On Nov. 28, the Botetourt Complex and the Keck Lab regained power, and Botetourt residents were required to move back into their residence halls by 11:00 a.m. the following day.
The power outage and resulting evacuation of Botetourt ended up costing the College of William and Mary a total of $63,000 as of Dec. 5.
$39,000 was spent on the 171 hotel rooms rented for two nights, according to College spokesperson Suzanne Seurattan.
Most of the repair costs were handled by Dominion Energy, as the transformer that failed was their equipment,” Seurattan said in an email.
“Most of the repair costs were handled by Dominion Energy, as the transformer that failed was their equipment,” Seurattan said in an email.

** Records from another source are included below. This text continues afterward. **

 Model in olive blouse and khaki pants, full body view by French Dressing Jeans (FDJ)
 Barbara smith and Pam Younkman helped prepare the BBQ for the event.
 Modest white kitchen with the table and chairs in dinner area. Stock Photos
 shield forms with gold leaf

The repair process consisted of both Dominion and College electricians assessing the situation and determining what would be needed for the repairs, and locating materials in the Richmond area. A new transformer, primary and secondary feeder cables, and splicing materials were all required for the repairs.

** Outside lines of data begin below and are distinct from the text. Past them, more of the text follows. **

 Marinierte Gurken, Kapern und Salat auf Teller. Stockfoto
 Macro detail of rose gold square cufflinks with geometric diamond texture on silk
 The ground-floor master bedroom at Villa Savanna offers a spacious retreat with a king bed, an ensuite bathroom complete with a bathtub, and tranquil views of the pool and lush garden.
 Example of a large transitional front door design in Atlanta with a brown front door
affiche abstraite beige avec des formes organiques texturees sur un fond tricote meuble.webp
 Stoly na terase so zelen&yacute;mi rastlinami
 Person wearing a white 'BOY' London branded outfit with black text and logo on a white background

“Once the materials were on site the Dominion Energy electricians made the repairs with support from our electricians,” Seurattan said in an email. “They worked in shifts for approximately 24 hours straight to complete the repairs and re-energize the Botetourt Complex and Keck Lab.”

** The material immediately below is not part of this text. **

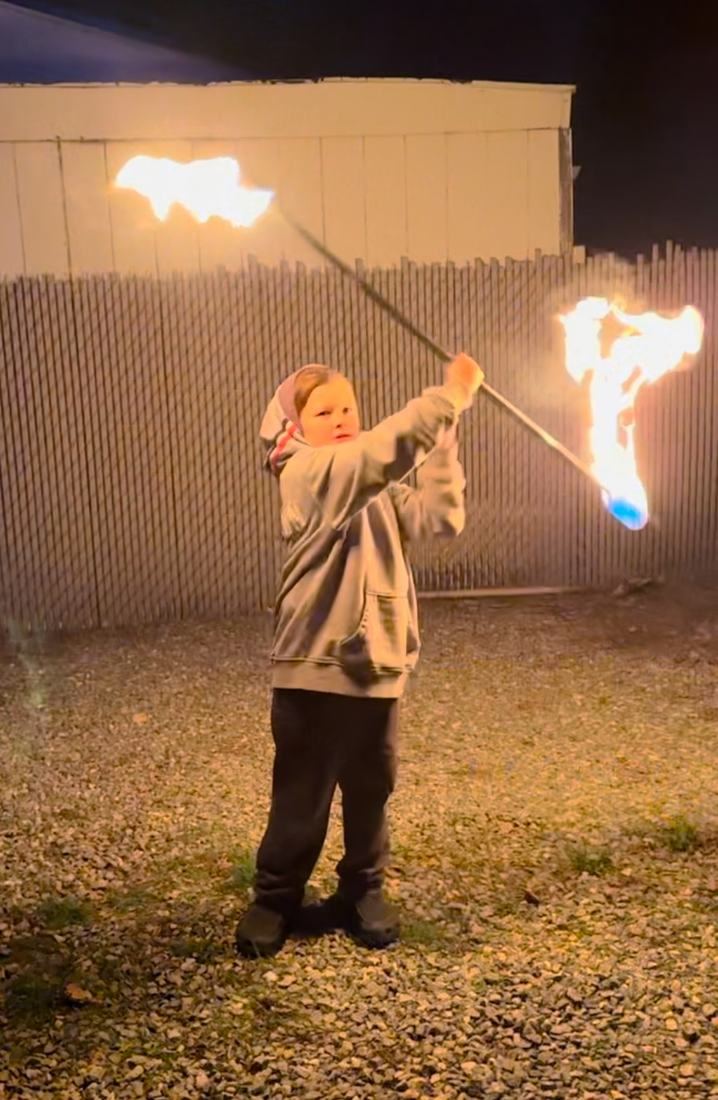 Tyler's son spinning a fire staff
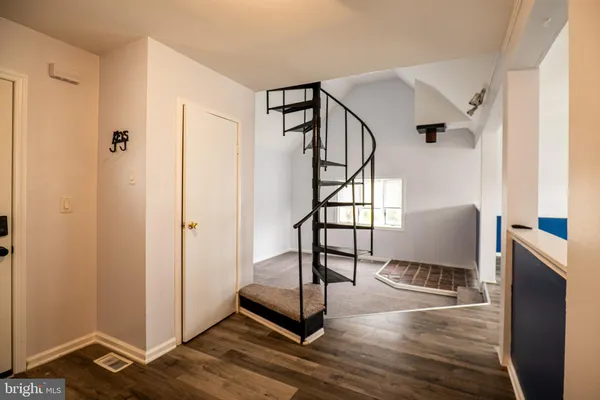 a view of a big room with wooden floor windows and a kitchen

Spotswood Hall resident Jasmine Howard ’21 said she believed that after an initial period of confusion, the College did a good job handling the incident.
“We didn’t really know what was going on while rooms were getting assigned, like if we would be with just our roommate or in a quad or something like that,” Howard said. “I guess it’s happened before, but I was surprised at how efficient and organized it all was. They gave us our rooms in an hour or so.”
Howard also said that the most important thing was the College’s speedy repairs. The repairs were originally estimated to take between three to five days but ended up only taking around one day.
“[I do think] the school did a good job, and that’s because it only took one night,” Howard said. “If it took three to five days like they initially told us, I would’ve been really annoyed, but one night was fine.”
Seurattan explained in an email that the speedy repairs were doable due to the accessibility of necessary parts, the fact that damage was limited to the transformer and its immediate vicinity, and through the efficiency and dedication of electricians and faculty.
“It is difficult to immediately estimate the repair time without fully investigating the extent of the damage or the configuration of the electrical infrastructure,” Seurattan said. “Therefore, initial estimates for repair generally take a worst-case approach.”